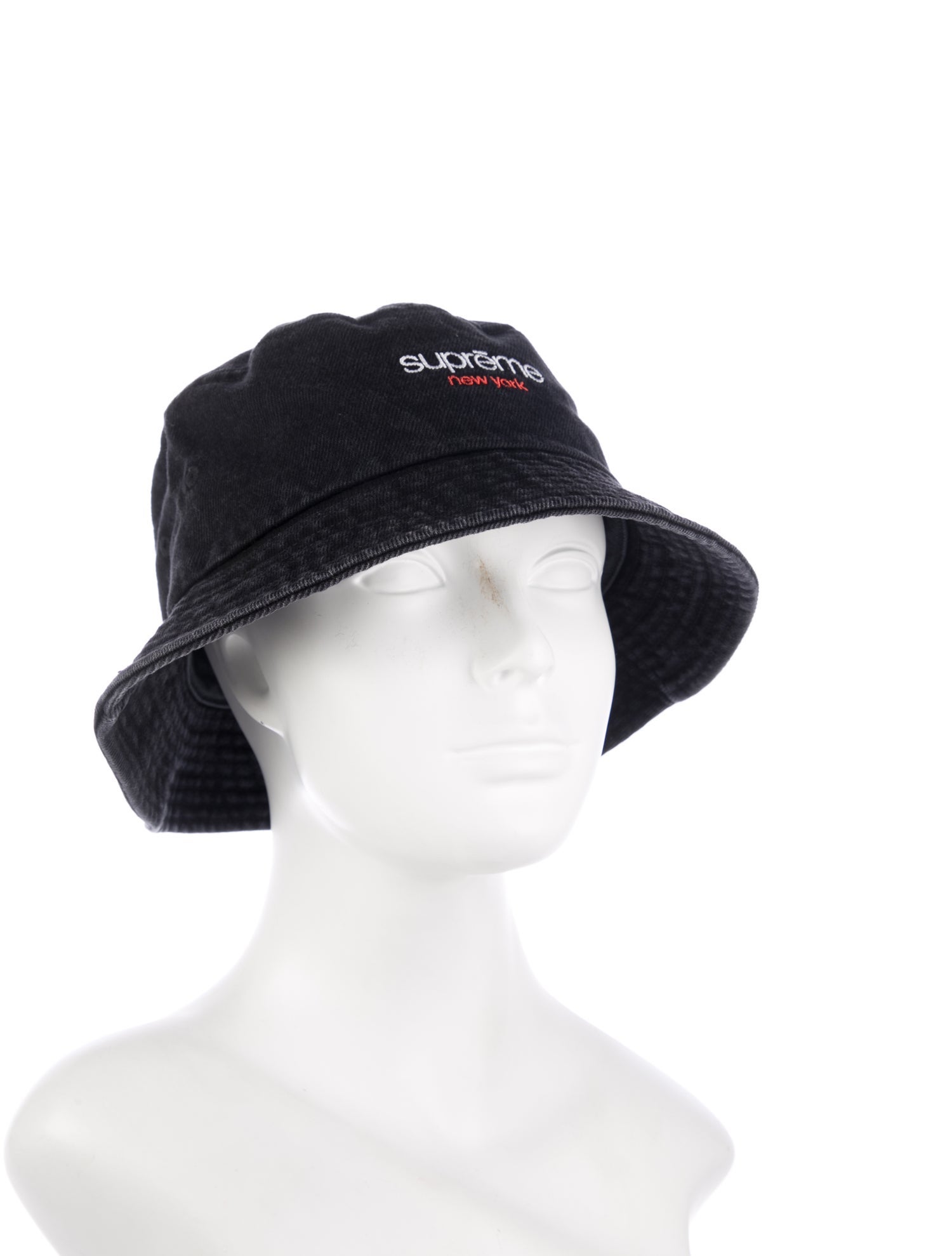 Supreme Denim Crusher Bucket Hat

---

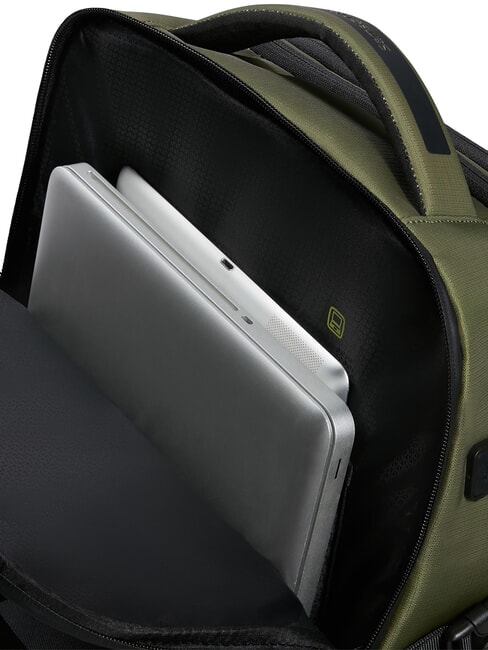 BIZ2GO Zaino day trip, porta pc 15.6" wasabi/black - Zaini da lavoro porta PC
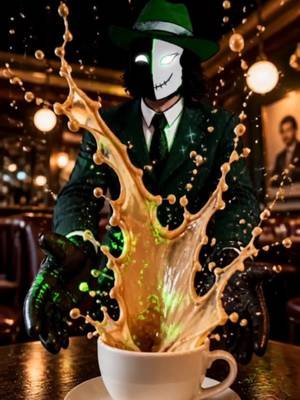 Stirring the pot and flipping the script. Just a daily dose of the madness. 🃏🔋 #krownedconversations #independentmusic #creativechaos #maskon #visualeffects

**WHAT YOU HAVE TO DO:** Start with the line with "BIZ2GO Zaino day" in the listing above and stop after the line with "Stirring the pot". Write out exactly the lines in that stretch and no others, without pictures.

**EXERCISE RESPONSE:**
 BIZ2GO Zaino day trip, porta pc 15.6" wasabi/black - Zaini da lavoro porta PC
 Stirring the pot and flipping the script. Just a daily dose of the madness. 🃏🔋 #krownedconversations #independentmusic #creativechaos #maskon #visualeffects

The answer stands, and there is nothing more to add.